Two years ago at Cloud People, we started to develop a platform to solve those challenges. There were number of key features that it needed to have to really provide value to our customers. The first was that it needed to be cloud hosted and fully supported by our technical staff. This would allow institutions to remain focused on teaching, and not the management of the underlying technology. By hosting it in the cloud, and allowing access from any modern web browser without the need to install additional software, it would provide easy and secure access for both remote and classroom based students. We also considered the needs of course administrators during our two years of development. Our platform would need to provide detailed reporting of student activity to assist in managing engagement levels and completion rates, the creation and publishing of courses needed to intuitive. And lastly, it should become an extension of the institution by custom branding and learning management systme (LMS) integration.

The result of these two years of development is Virtual Labs.

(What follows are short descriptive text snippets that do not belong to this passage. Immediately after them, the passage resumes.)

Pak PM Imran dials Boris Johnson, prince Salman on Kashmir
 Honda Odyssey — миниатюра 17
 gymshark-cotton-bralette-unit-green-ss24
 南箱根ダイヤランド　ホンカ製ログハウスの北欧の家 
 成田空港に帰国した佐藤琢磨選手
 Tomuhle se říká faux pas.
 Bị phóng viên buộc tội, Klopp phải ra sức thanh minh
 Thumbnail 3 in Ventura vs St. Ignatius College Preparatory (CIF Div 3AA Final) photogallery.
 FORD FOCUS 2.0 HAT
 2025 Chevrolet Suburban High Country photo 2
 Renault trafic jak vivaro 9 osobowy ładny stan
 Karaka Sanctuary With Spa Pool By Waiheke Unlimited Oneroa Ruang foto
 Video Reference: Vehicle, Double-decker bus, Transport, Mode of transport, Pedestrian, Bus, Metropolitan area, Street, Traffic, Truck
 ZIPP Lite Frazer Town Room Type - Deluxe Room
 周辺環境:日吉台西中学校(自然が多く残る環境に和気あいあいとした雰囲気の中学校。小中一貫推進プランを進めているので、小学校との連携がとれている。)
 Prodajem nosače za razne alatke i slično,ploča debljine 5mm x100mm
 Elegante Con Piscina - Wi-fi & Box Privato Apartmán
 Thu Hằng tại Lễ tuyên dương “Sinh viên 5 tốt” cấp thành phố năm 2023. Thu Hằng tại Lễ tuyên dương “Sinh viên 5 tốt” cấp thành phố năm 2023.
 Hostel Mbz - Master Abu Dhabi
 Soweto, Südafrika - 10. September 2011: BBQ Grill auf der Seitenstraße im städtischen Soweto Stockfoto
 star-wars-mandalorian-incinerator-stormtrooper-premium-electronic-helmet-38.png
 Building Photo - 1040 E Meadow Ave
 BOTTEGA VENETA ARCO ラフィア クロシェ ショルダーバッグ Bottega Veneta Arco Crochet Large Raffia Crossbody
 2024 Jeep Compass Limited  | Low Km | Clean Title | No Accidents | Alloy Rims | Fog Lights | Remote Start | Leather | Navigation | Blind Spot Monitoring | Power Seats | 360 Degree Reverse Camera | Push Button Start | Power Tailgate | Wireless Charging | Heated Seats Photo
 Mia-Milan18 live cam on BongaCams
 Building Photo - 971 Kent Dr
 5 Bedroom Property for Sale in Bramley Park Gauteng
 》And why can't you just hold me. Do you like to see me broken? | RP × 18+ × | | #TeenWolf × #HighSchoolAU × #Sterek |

Virtual Labs is a cloud hosted IT practice labs platform. It is fully integrated with all major LMSs to provide students seamless access to practical modules of IT courses. Students are given hands-on access to real equipment – servers, desktops, and networking equipment, in their own secure private cloud. They have full administrative access to interact with the equipment and they can carry out their own configurations, or follow lab guides. Course administrators are given access to detailed student metrics that allow tracking student progress and management of engagement levels.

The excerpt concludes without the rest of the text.